2013-06-23

"天才たちの誤算" Roger Lowenstein 著

なぜGMは... に触発されて、ロジャー・ローウェンスタインをもう一冊。実は、十年以上前に一度読んでいる。株式投資の勉強を始めた当時、オプション、デリバティブ、アービトラージ、VaR(Value at Risk)など、ヘッジ手法の入門書として感服したものである。そして、リーマンショックへの流れを眺めると、金融業界の体質がまったく変わっていないことに気づかされる。
本書の主役、すなわち悪の根源は、LTCM(ロングターム・キャピタル・マネジメント)。1994年、突如無名のチームが、二人のノーベル賞経済学者ロバート・マートンとマイロン・ショールズを擁して登場すると、多くの金融機関が損失を出す場面で一人勝ちの成績を収め、夢の4年間を過ごす。しかも、年間40%のリターンを稼ぐ驚異ぶり。ブラック = ショールズ方程式の伝道師となった彼らは、ヘッジファンドなどという自覚はなく、金融リスク保険会社を自負する。
「われわれはただのファンドではなく、金融工学(ファイナンシャル・テクノロジ)カンパニーです。」
そして、難解な数学用語を持ちだし、勘と度胸が売りのウォール街土着の非科学的なネアンデルタール人どもを圧倒する。金融屋たちは、リスクとは無縁に映るドリームチームに目が眩み、われ先にと取引を申し出る始末。外国のグローバル銀行や政府系機関、そしてFRB議長グリーンスパンまでも、彼らのデリバティブ取引の仕組みに心を奪われる。
しかし、1998年、ロシア債がデフォルトに陥ると状況は一変。ポートフォリオの不透明さに加え、異常なほど高いレバレッジは30倍。自己資本が目減りした時期には55倍にまで膨らむ。世界的金融危機を免れるため、ゴールドマン・サックスがリーダ格となり、ベア・スターンズやメリルリンチなどの投資銀行が救済に乗り出す。そう、後のリーマンショックで主役に躍り出る連中だ。

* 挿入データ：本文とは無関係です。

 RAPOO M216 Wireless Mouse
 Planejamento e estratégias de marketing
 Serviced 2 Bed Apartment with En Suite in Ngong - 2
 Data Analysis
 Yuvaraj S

結局、LTCMは14銀行に買収される。総額36億5千万ドル。十年前に読んだ時、この数字に目を丸くしたものだが、今読むと感覚が麻痺している。リーマンショックでも、ベア・スターンズやリーマン・ブラザーズの演じたレバレッジ水準は30倍に達した。おまけに、公的資金の注入では数千億ドルと桁が違う。ここで救済役を演じた連中が、十年後には主役を演じるわけだ。なるほど、本書はウォール害(街)の雛形物語であったか...
しかし、ウォール街で長く記憶される教訓はない。さて、次の十年後には誰が主役に抜擢されるだろうか?ちなみに、リーマンショックでは、財務長官ポールソン、NY連銀総裁ガイトナー、FRB議長バーナンキらが救済役を演じたが、まさか...

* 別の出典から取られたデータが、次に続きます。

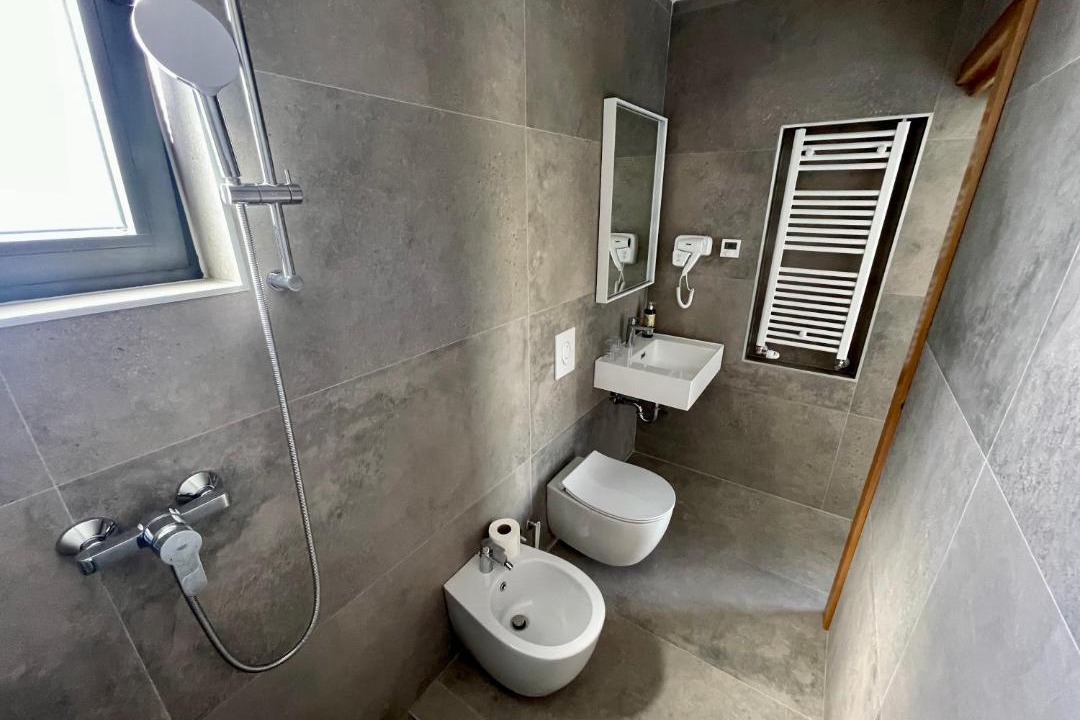 Photo of Bathroom in Privlaka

「第二のマートンが現れ、リスク管理しオッズを予想する優美なモデルを発表しても、過去を完璧に記憶するコンピュータが開発され、将来のリスクを測定できると言われても、投資家は今度は、大急ぎで別の方向に逃げ出すだろう。」

とかく人は、カネが絡むと合理的に行動できないものである。アナリストたちの将来予測ほど当てにならないものはない。プロスペクトル理論は、いわば欲望の法則と言っていいだろう。リスクとリターンの関係は常に監視しておく必要がある。とはいえ、リスク分散の難しい時代、不可能なほどに...

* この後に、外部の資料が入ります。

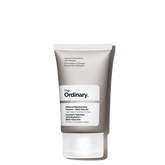 The Ordinary Natural Moisturizing Factors + Beta Glucan 100 ml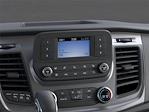 2025 Ford Transit 350 Medium Roof RWD Passenger Van for sale #25384 - photo 14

証券取引において最も注意を払うのはリスク管理であろう。そこで、無関係そうな証券を組み合わせてポートフォリオを形成し、分散投資する。その組み合わせは、流動性の高いものと低いもの、変動性の大きいものと小さいもの、あるいは多業種に分散させたりと、投資戦略を練る。だが、無関係に見えても誰かがポートフォリオに組み込み、少しでもレバレッジをかけた時点で関係を持つことになる。レバレッジをかければ決済期限に縛られ、損失が生じると評価額が下がり、証拠金を見せなければならない。損失が広がれば、証拠金を見せるために連鎖して他の証券が売られる。リーマンショックでは、資産運用リスクを分散させるために不動産に手を出して、却って大損した人もいるだろう。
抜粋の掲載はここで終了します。